When iOS 11 finally lands this fall, iPhone users might be able to stop using their third-party QR code scanner apps and instead, just use the Camera app included by Apple. The company unveiled iOS 11 at WWDC earlier this week, and now that some developers who are at the conference have gotten a chance to try out the beta, a variety of tidbits about it are starting to come out.
iPhone Camera app in iOS 11 can read QR codes
Currently, iPhone, iPad and iPod users have to download a third-party app if they want to scan QR codes. However, according to Mac Rumors, some developers who have had an opportunity to try out the iOS 11 beta have posted details about the QR code scanning feature on Twitter. From what has been posted, it looks to be very basic and easily accessible through the Camera app on the iPhone, iPad or iPod.
To scan a QR code in iOS 11, users just have to open up the Camera app and then aim the device at the code. A notification pops up when the app recognizes that there’s a QR code in front of the device, and the user just has to tap on that notification to scan the code.
iOS 11 takes QR code scanning to the next level
Apparently, iOS 11 is even able to recognize what a QR code is about and then ask the device user if they want to act on it. For example, one Twitter user reports that the reader recognizes when a provided code is a Wi-Fi network and asks the user if they want to join the network. Another said that the reader will offer to add someone to the user’s Contacts if the QR code is aimed in that direction. There are also many other examples of what codes can be designed to do when they are scanned by a device.
The QR code scanner is set to “on” by default in the Camera app, but users can turn it off (or back on again) in the Settings app under “Camera.”
Why did Apple suddenly adopt QR codes?
Even if you’re not familiar with QR codes, you’ve probably seen them and not even realized it. Many companies include the odd-looking scrambled squares on their product packaging, and when you scan one using your device, they perform some sort of action, such as bringing up a website or sharing contact information. They’ve been around for decades, although in the U.S., they never became very popular, which may be why Apple decided it was never worth the effort to add native support for them.
However, the company is trying to reach consumers in China and throughout Asia, where QR codes are more widely used. TechCrunch feels that Apple’s sudden interest in the technology has arrived too late and that it will make very little difference that iOS 11 will support it.

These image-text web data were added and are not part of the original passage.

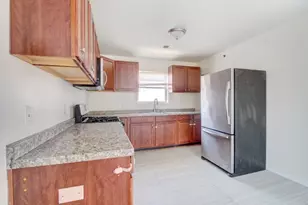 5658 Kent St, Newark, NJ 07108 - Photo 9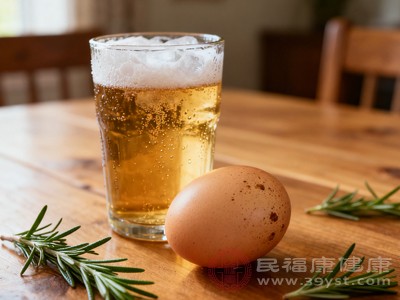 若饮用啤酒，需控制量，成年男性每天酒精摄入量不超过25克，女性不超过15克（约相当于啤酒750毫升以内）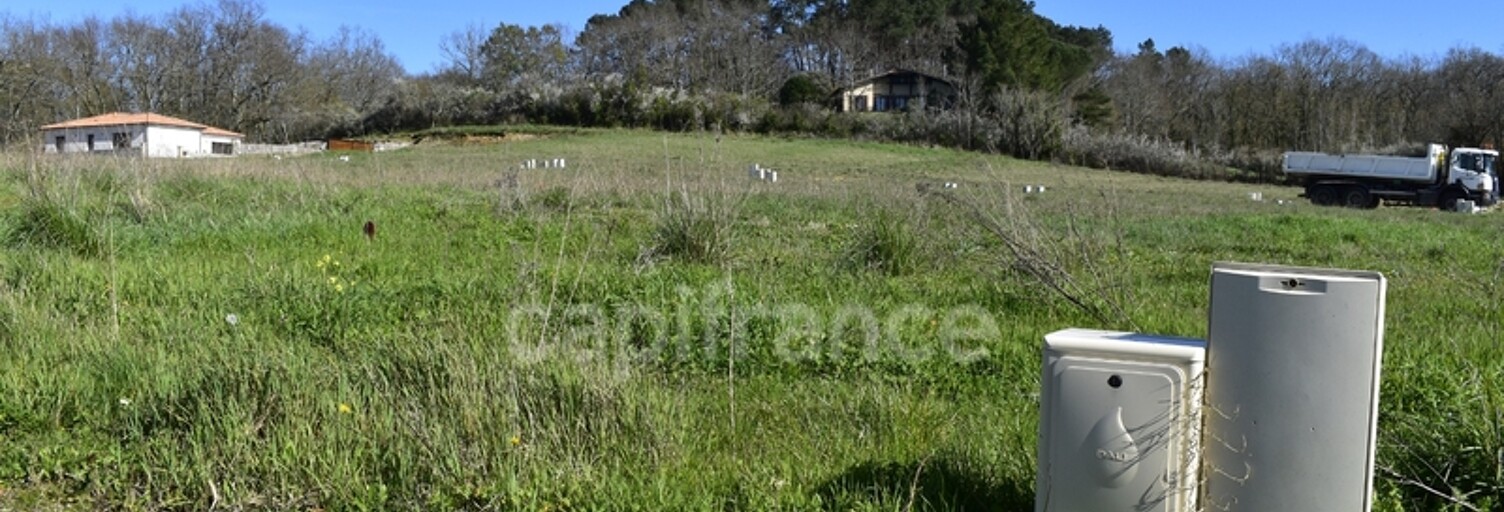 Terrain  968 m² à vendre à Cursan (33670)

In all likelihood, Alipay and WeChat users will keep using those apps to scan the QR codes to make payments, add contacts or download so-called “mini-programs” in WeChat. The same is probably true of users in other countries using other apps or services that support these codes. In reality, it’s hard to imagine what Apple may be thinking, other than that it now has to keep up with tech trends in Asia as well as in the U.S. The company tends to be late to the party with new technology anyway these days — although it tries to be fashionably late.